(Short web captions)
★ ★ ★
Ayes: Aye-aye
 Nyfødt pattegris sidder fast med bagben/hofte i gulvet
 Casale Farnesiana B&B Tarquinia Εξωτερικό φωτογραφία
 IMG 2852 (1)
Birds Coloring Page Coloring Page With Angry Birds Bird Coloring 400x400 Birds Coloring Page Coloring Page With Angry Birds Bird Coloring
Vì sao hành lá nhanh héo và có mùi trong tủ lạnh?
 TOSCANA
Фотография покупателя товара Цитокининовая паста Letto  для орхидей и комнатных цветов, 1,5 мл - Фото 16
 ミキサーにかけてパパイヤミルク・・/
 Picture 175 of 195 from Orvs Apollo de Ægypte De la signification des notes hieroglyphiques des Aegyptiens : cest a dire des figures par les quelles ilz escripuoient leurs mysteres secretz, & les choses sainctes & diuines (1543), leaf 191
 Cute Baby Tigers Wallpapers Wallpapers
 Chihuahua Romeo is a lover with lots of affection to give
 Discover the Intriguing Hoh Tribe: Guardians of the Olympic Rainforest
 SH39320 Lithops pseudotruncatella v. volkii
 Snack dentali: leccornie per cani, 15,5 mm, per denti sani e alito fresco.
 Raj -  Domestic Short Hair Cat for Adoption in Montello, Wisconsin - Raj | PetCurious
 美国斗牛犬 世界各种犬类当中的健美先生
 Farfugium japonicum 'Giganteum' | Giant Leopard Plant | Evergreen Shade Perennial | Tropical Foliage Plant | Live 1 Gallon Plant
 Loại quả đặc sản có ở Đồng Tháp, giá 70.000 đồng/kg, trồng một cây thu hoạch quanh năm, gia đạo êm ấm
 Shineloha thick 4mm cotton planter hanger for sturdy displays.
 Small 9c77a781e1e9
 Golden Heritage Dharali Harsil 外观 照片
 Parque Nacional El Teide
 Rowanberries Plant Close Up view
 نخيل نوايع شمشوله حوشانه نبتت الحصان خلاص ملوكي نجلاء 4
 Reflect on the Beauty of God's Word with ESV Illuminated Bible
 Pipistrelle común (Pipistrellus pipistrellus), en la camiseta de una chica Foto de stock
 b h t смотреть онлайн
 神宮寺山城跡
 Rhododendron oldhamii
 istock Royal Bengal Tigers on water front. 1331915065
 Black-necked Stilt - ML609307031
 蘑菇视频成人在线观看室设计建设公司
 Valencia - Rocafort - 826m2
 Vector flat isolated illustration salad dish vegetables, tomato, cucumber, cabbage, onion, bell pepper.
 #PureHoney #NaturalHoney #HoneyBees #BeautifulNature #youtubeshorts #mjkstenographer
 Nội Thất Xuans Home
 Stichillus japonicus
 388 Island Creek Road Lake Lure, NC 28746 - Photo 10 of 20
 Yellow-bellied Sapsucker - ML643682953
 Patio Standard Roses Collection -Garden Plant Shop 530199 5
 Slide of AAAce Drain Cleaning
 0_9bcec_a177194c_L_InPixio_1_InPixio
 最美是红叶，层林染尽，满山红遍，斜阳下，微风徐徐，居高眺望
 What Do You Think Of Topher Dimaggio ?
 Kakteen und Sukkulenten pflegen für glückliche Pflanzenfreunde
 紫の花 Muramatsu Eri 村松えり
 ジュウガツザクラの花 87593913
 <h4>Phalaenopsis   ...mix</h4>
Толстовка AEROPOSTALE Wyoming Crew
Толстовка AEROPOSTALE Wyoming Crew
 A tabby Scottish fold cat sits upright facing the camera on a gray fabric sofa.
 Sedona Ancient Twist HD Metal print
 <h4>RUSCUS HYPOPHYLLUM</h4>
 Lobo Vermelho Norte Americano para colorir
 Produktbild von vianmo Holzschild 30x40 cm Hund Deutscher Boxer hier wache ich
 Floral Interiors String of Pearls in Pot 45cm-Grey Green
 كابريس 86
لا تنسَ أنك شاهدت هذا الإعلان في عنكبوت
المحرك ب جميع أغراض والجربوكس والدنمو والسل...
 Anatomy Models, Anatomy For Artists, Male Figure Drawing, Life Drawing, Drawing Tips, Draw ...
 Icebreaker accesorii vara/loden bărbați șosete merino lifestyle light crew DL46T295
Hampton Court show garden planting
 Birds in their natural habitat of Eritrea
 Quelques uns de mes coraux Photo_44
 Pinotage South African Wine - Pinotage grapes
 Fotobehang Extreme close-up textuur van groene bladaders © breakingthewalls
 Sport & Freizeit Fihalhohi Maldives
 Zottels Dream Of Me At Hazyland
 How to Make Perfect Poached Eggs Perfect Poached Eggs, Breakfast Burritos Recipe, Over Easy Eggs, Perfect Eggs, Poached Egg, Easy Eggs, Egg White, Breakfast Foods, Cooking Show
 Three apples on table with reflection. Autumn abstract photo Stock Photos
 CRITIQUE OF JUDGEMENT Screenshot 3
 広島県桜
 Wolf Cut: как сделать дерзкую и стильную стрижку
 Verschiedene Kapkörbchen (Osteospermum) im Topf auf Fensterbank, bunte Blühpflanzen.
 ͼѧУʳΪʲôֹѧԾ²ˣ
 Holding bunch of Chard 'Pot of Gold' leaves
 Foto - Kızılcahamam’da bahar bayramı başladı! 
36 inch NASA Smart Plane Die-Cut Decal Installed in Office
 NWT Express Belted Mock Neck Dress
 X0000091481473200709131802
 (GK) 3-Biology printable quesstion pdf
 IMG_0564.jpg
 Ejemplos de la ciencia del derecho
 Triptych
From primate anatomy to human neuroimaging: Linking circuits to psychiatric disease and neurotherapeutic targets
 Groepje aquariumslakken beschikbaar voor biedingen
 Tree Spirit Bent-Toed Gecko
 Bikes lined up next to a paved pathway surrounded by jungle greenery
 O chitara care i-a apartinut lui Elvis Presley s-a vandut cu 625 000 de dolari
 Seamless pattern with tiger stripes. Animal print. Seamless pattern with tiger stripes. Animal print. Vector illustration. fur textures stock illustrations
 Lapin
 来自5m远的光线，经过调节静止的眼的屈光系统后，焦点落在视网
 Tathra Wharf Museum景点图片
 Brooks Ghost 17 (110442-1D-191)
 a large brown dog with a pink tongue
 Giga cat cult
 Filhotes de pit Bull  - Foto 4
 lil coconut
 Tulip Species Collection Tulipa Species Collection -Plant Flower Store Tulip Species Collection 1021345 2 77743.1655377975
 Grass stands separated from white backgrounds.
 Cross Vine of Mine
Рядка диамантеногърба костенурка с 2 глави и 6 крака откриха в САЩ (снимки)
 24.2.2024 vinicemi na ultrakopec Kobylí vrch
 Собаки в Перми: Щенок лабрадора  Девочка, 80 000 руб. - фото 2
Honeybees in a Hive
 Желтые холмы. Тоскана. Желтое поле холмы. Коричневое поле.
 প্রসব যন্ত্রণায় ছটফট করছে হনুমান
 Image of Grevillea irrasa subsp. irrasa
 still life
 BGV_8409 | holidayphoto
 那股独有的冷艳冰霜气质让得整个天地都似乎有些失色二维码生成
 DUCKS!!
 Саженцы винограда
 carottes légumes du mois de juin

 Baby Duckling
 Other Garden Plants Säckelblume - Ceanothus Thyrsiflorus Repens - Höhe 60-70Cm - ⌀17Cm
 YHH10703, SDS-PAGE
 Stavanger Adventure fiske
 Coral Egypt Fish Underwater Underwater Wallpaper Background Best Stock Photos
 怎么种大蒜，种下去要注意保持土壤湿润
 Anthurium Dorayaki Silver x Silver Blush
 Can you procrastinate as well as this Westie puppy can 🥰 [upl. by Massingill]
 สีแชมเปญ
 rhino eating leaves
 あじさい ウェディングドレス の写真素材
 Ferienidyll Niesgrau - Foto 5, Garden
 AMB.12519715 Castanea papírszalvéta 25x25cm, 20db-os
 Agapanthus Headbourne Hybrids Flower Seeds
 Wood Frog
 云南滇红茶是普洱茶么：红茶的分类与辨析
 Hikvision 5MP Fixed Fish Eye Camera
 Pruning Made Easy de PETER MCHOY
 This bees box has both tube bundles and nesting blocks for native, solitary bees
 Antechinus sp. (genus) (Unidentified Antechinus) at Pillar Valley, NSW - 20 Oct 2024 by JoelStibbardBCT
★ ★ ★
▸ WHAT YOU HAVE TO DO: Output the records above exactly, from their first line through the line that contains "Cute Baby Tigers Wallpapers Wallpapers", and add nothing.

▸ REPLY:
Ayes: Aye-aye
 Nyfødt pattegris sidder fast med bagben/hofte i gulvet
 Casale Farnesiana B&B Tarquinia Εξωτερικό φωτογραφία
 IMG 2852 (1)
Birds Coloring Page Coloring Page With Angry Birds Bird Coloring 400x400 Birds Coloring Page Coloring Page With Angry Birds Bird Coloring
Vì sao hành lá nhanh héo và có mùi trong tủ lạnh?
 TOSCANA
Фотография покупателя товара Цитокининовая паста Letto  для орхидей и комнатных цветов, 1,5 мл - Фото 16
 ミキサーにかけてパパイヤミルク・・/
 Picture 175 of 195 from Orvs Apollo de Ægypte De la signification des notes hieroglyphiques des Aegyptiens : cest a dire des figures par les quelles ilz escripuoient leurs mysteres secretz, & les choses sainctes & diuines (1543), leaf 191
 Cute Baby Tigers Wallpapers Wallpapers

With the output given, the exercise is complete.